> Exercise details
For this exercise, copy exactly the lines below from the one with "Major Points. The" through the one with "Click the coating" and leave out the pictures.

> Study material
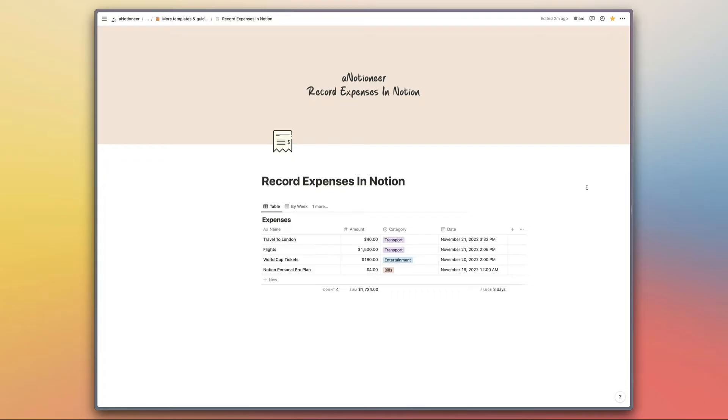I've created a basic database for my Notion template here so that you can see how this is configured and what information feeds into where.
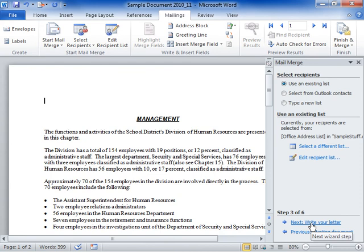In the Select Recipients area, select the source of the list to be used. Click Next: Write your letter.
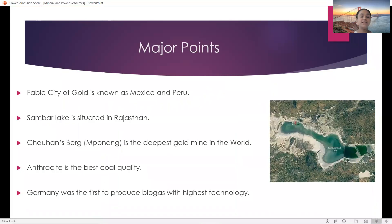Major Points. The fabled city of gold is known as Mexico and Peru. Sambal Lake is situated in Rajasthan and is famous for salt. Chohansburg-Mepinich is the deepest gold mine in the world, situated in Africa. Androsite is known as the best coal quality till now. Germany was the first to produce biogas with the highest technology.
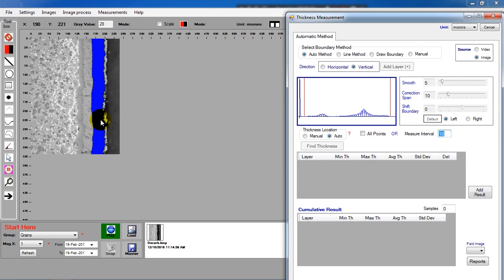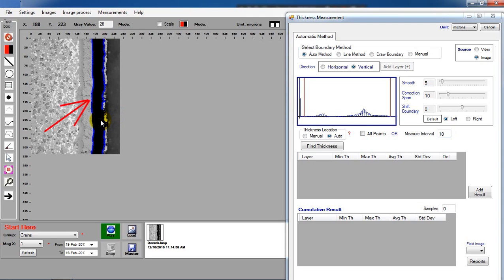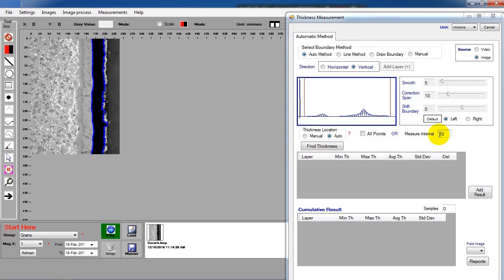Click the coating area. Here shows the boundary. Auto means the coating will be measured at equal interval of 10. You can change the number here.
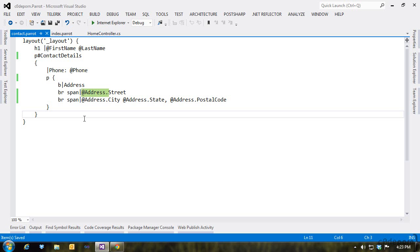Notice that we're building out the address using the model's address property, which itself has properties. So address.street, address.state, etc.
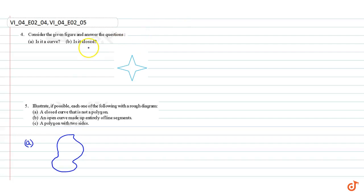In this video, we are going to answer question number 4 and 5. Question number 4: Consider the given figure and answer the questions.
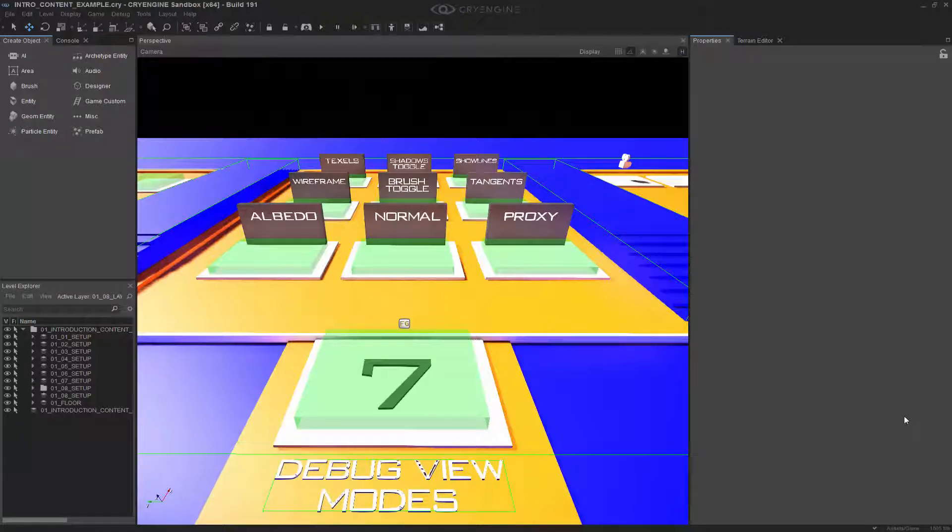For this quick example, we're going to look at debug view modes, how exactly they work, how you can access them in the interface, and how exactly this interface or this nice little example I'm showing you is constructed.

> Solution to this exercise
Major Points. The fabled city of gold is known as Mexico and Peru. Sambal Lake is situated in Rajasthan and is famous for salt. Chohansburg-Mepinich is the deepest gold mine in the world, situated in Africa. Androsite is known as the best coal quality till now. Germany was the first to produce biogas with the highest technology.
Click the coating area. Here shows the boundary. Auto means the coating will be measured at equal interval of 10. You can change the number here.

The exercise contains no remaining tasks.